Spanish officials limited happen to be and from some parts of Madrid before restrictions were widened through the entire capital plus some suburbs.

Italian authorities have sometimes quarantined spots as small as a single building.

While countries including Israel and the Czech Republic have reinstated nationwide closures, other governments hope smaller-scale shutdowns can work this time, in conjunction with testing, contact tracing, and other initiatives they've now developed.

The idea of containing hot spots isn't new, but it's being tested under new pressures as authorities try to avoid a dreaded resurgence of illness and deaths, this time around with economies weakened from earlier lockdowns, populations chafing at the thought of renewed restrictions plus some communities complaining of unequal treatment.

Some scientists say a localized approach, if well-tailored and explained to the public, can be a nimble response at a complex point in the pandemic.

“It is pragmatic in appreciation of ‘restriction fatigue’ ... nonetheless it is strategic, enabling mobilization of substantial resources to where they are needed most,” says Dr. Wafaa El-Sadr, who's following NY City's efforts closely and is on some city advisory boards.

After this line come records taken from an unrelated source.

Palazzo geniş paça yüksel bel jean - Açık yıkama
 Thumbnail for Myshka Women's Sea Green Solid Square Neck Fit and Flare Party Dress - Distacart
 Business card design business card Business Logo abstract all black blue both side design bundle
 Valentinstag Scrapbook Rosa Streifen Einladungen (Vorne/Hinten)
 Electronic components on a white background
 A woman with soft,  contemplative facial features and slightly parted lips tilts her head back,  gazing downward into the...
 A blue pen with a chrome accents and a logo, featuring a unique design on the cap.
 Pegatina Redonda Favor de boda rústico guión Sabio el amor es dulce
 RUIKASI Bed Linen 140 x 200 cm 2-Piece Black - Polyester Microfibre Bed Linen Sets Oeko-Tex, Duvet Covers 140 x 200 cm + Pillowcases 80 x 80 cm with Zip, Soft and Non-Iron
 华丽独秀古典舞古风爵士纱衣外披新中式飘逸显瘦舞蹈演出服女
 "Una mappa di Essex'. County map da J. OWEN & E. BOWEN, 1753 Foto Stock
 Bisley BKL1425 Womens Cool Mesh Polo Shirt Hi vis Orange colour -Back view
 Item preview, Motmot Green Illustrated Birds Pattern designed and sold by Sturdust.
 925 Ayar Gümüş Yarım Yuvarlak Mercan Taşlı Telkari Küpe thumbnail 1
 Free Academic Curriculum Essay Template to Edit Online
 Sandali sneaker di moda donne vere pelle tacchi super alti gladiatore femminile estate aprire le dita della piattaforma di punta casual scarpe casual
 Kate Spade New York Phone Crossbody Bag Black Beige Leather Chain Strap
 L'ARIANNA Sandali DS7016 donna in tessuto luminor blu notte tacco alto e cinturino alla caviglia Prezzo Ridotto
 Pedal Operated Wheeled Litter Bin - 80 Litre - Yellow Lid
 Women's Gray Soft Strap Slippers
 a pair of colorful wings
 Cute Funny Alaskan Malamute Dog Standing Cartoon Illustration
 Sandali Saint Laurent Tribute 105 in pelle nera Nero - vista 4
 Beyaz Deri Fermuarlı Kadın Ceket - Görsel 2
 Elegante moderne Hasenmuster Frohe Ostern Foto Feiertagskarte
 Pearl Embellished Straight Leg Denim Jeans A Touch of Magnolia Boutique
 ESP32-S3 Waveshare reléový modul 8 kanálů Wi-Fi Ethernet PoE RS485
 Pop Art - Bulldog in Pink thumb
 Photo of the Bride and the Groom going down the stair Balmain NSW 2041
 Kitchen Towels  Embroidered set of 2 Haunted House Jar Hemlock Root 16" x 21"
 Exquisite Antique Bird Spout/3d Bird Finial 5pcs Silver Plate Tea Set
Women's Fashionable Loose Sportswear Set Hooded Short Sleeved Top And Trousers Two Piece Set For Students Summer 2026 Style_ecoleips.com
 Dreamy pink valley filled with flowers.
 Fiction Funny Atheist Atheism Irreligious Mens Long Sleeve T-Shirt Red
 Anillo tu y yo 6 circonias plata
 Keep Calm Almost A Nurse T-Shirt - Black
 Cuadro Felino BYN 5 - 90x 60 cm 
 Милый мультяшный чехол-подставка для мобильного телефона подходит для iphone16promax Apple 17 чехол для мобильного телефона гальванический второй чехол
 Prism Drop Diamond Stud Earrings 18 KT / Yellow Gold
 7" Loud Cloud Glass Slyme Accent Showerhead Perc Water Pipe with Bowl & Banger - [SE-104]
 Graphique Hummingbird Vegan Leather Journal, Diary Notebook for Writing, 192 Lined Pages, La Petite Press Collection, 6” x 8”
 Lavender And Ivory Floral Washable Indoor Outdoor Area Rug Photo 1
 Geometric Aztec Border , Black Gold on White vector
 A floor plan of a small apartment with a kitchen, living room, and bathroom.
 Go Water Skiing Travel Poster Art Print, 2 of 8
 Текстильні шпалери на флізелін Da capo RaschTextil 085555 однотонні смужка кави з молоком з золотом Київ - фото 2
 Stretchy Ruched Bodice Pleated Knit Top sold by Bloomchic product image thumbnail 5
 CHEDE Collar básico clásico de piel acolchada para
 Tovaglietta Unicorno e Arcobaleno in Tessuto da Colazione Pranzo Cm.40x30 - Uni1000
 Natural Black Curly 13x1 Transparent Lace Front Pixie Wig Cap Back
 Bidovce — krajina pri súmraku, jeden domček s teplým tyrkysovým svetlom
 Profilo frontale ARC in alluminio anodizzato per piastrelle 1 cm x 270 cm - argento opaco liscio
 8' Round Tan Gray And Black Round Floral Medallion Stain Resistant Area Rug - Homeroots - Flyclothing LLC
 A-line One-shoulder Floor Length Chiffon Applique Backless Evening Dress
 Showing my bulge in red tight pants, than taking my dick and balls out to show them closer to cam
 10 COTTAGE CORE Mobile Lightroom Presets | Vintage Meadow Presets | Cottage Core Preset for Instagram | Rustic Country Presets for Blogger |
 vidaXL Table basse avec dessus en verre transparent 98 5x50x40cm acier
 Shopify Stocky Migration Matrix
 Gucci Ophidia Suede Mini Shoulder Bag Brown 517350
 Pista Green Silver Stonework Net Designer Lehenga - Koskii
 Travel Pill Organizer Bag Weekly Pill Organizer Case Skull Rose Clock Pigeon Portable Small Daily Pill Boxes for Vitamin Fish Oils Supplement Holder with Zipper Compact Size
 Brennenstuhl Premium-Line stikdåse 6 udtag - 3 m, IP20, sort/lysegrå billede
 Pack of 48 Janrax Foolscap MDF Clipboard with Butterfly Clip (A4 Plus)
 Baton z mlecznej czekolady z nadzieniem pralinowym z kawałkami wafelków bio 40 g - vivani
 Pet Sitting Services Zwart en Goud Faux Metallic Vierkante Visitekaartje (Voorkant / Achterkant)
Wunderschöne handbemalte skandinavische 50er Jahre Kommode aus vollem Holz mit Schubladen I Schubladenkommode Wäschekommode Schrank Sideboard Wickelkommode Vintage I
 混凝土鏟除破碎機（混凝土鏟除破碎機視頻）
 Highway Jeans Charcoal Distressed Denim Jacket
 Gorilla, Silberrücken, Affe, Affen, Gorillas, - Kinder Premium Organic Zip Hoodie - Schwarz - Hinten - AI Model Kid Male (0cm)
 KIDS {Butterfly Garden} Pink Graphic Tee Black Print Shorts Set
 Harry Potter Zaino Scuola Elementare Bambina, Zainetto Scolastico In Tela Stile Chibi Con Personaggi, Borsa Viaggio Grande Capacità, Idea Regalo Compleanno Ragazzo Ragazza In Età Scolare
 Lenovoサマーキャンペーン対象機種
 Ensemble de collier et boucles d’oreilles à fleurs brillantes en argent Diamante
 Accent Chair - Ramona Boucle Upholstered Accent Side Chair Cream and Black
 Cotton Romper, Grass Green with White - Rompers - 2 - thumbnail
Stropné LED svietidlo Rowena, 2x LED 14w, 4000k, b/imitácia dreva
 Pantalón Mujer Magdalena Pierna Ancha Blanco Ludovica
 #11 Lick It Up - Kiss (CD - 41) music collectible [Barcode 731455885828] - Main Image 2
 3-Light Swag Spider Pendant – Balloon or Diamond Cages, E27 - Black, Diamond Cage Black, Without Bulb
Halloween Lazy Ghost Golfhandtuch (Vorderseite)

Other scientists are warier.

“If we’re seriously interested in wiping out COVID in an area, we are in need of coordinated responses across” as wide a swath as possible, says Benjamin Althouse, a study scientist with the Institute for Disease Modeling in Washington state.

In a study that is posted online but not published in a journal or reviewed by independent experts, Althouse and other scientists discovered that amid patchwork coronavirus-control measures in the U.S. this spring, some persons traveled farther than usual for such activities as worship, suggesting they could have taken care of immediately closures by hopscotching to less-restricted areas.

Still, choosing between limited closures and widespread restrictions is "an extremely, very hard decision,” Althouse notes. "I’m glad I’m not the one making it.”

Early in the outbreak, countries tried to quell hot spots from Wuhan, China - in which a stringent lockdown was seen as type in squelching transmission in the world's most populous nation - to Italy, in which a decision to seal off 10 towns in the northern region of Lombardy evolved within weeks into a nationwide lockdown.

After the virus's first surge, officials fought flare-ups with city-sized closures come too early July in places from Barcelona, Spain, to Seoul to Melbourne, Australia.

In the English city of Leicester, nonessential shops were shut down and households banned from mixing in late June.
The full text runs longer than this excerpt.